13 February 2001, 18:09  Greenspan says slowdown could be limited, but 'downside risks predominate'

WASHINGTON (AFX) - Federal Reserve board chairman Alan Greenspan said the current economic slowdown could be limited, but warned that downside risks still predominate.
Greenspan said the economy is suffering from an inventory correction, or retrenchment. He said it has been a sharper correction because businesses have much better control over their inventories. But he said that higher long-term productivity trends could quickly counter the weakness.
"If the forces contributing to long-term productivity growth remain intact, the degree of retrenchment will presumably be limited," Greenspan said in testimony prepared for his semi-annual report to Congress on monetary policy. "Prospects for high productivity growth should, with time, bolster both consumption and investment demand. Before long in this scenario, excess inventories would be run off to desired levels," he said.
Still, the Fed chairman cautioned that the economy is vulnerable to negative surprises, such as a break in consumer confidence, weakness in foreign economies and continued nervousness on the part of lenders. He admitted the Fed doesn't know "how far the adjustment of the stocks of consumer durables and business capital has come."
Although consumer confidence has fallen, "at least for not it remains at a level that in the past was consistent with economic growth," Greenspan said. The Fed chairman said that economic growth began in the middle of 2000 and intensified "perhaps even to the point of growth stalling out around the turn of the year."
Against this background, Greenspan said the FOMC undertook "a series of aggressive" rate cuts, reducing its targeted federal funds rate to 5.5 pct from 6.5 pct.
"An essential precondition for this type of response was that underlying cost and price pressures remained subdued, so that our front-loaded actions were unlikely to jeopardize the stable, low inflation environment necessary to foster investment and advances in productivity," Greenspan said. January does not appear as weak as December, he said. "The exceptional weakness so evident in a number of economic indicators toward the end of last year (perhaps in part the consequence of adverse weather) apparently did not continue in January," Greenspan said.

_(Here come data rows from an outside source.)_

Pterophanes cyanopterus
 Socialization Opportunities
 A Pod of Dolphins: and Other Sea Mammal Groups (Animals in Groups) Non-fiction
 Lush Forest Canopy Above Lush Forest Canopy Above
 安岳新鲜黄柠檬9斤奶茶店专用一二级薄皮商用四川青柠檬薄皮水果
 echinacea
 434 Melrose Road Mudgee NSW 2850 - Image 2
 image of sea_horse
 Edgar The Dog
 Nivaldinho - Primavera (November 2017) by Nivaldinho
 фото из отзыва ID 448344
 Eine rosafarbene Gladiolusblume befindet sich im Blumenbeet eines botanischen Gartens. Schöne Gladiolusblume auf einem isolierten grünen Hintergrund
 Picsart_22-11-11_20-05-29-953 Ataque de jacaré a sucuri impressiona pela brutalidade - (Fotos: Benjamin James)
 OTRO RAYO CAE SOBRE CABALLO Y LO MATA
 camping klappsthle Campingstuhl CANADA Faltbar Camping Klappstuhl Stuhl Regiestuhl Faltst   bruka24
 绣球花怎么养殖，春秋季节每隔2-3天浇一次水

"But with signs of softness still patently in evidence at the time of its January meeting, the FOMC retained its sense that the risks are weighted toward conditions that may generate economic weakness in the foreseeable future," he added.
One of the important factors contributing to the slowdown has been higher energy costs, Greenspan said.
The most prominent effects of higher energy costs has been to depress aggregate demand, and does not appear to have had broad inflationary effects," he said.
Greenspan said the rapid nature of the current slowdown has caused financial market participants to become more risk adverse, similar to the fall of 1998, when financial markets seized up after Russia defaulted on their debt.
"Such a process presumably is now under way and arguably may take some time to run its course," Greenspan said.
The Fed chairman noted that the unpredictable nature of consumer confidence makes recessions difficult to forecast. But he noted that stock market analysts continue to expect elevated earnings growth over the long-run. He said that the advances in technology has enhanced that Fed's ability for real-time surveillance of economic activity. The stock market has become a more important determinant of shifts in consumer spending, he noted.